В дальнейшем С. Г. Яли в докладных записках, отчетах об обследовании греческих поселков [Греки на укра?нських теренах, 2000, с. 180–188, 230 и далее], статьях в прессе и книге [Яли, 1931] обращается к вопросу о двуязычии группы. Греки-тюркофоны должны быть признаны сменившими язык греками по происхождению. Признаки "кровь, греческое происхождение" рассматриваются как независимые от языка и вероисповедания группы и наиболее значимые для характеристики группы [28].

Не исключено, что некоторое влияние оказало отторжение категоризации "татары" самими носителями.

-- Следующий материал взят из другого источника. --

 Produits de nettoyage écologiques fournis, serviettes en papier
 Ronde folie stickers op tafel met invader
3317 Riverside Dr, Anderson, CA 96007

О настроениях группы можно судить по замечанию инспектора Арефьева о том. что "даже теперь, после стольких лет существования советской власти, татары [то есть урумы. - В. Б. ] обижаются, если их называют татарами, а не греками, так как они считают греческую национальность более высокой, чем татарскую" [курсив мой. - В. Б. ] (цит. по: [Якубова, 1999, с. 122]). В этот период татарская культура оценивалась урумами как непрестижная.

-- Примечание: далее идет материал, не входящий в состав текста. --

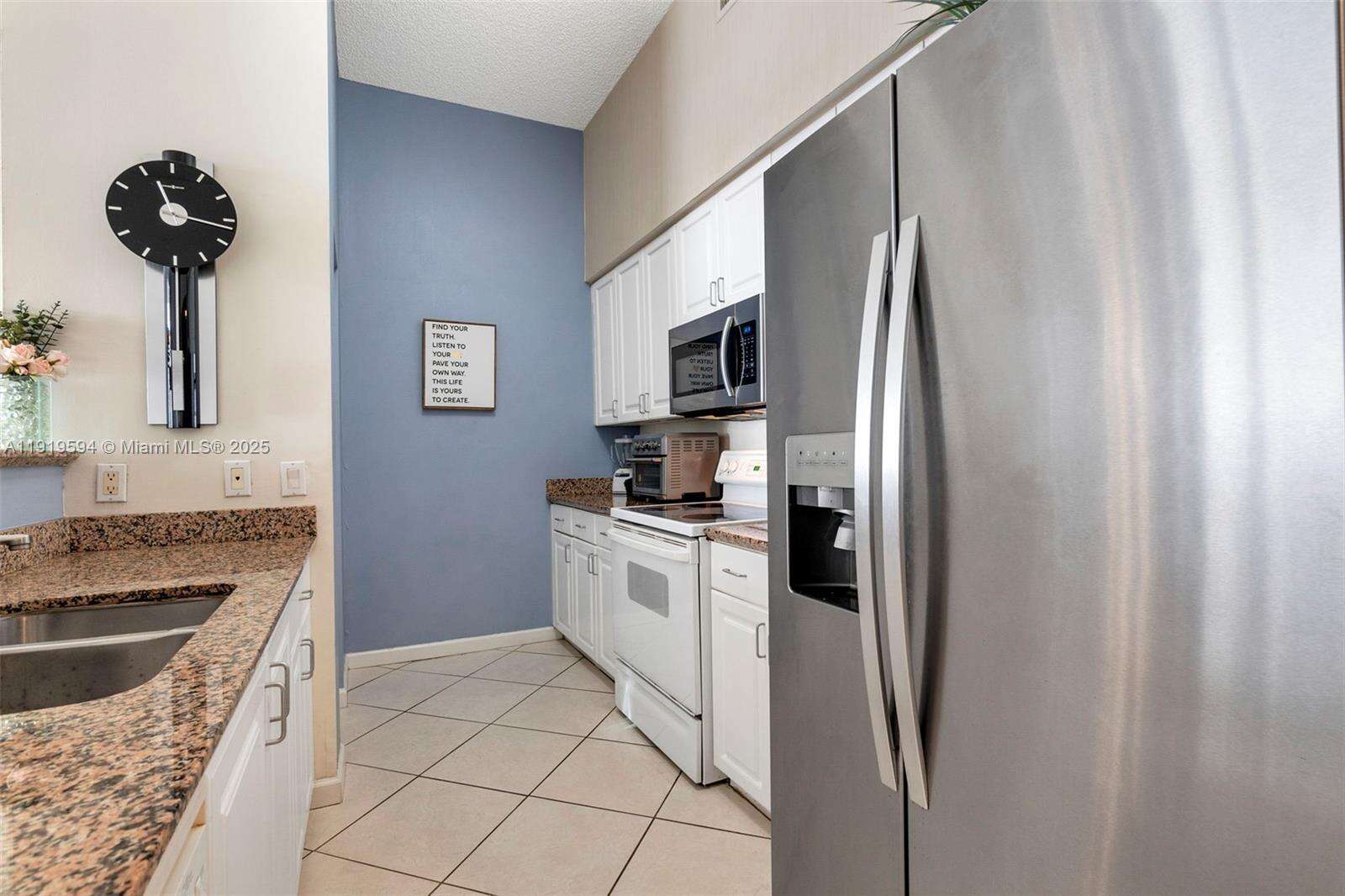 The Mark On Brickell at 1155 Brickell Bay Dr, Miami, FL 33131 - For Rent photo 13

Внимание к происхождению группы привело к категоризации и румеев, и урумов как греков. В то же время установка национальной политики советской власти на преподавание родных языков требовала более дробной классификации: категоризация румеев и урумов как греков не отвечала на вопрос, на каком языке следует осуществлять обучение в школе.

Де-факто языковая принадлежность учитывалась как дополнительный признак, и значимость языковой идентичности группы была узаконена этнонимом "греко-татары" и подтверждалась выбором языка преподавания в школе. Определение языков румеев и урумов как эллинского и татарского вызвала необходимость разделения общего понятия "греки" на "греко-эллинов" и "греко-татар" [29], то есть введения некоторого промежуточного статуса. Неизвестно, как воспринимало сообщество эти номинации, но в 1920-1930-е гг. они активно использовались в документах для различения двух групп греков Приазовья.

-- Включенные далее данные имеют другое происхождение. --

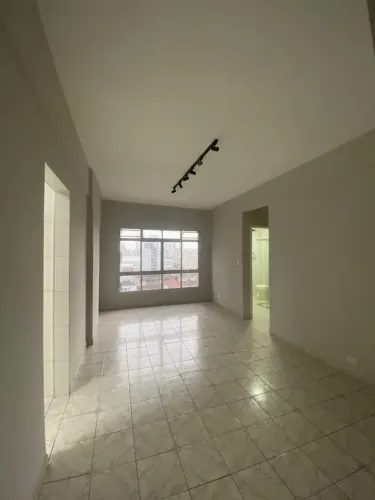 Apartamento para locação no bairro Campo Grande com garagem fechada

В документах вместо полных этнонимов "греко-эллины" и "греко-татары" часто использовались термины "эллины" и "татары", однако в тех случаях, когда речь идет о румеях, урумах и собственно татарах, употреблялись номинации "греко-эллинцы, греко-турко-татары и татары" [ГАДО 2, л. 969].

С официальной категоризацией двух греческих групп тесно связан вопрос о выборе идиома или идиомов, которому или которым по закону 1923 г. будут предоставлены "равные права" с другими языками национальных меньшинств республики. Двуязычие мариупольских греков и отнесение их языков к бесписьменным оставляло дискуссионными варианты идиомов и алфавитов. Органами Наркомпроса было решено "для греко-эллинов ввести новогреческую азбуку, а для греко-татар - крымско-татарскую азбуку ввиду полного сходства этих двух языков" (цит по: [Греки на украшських теренах, 2000, с. 258]).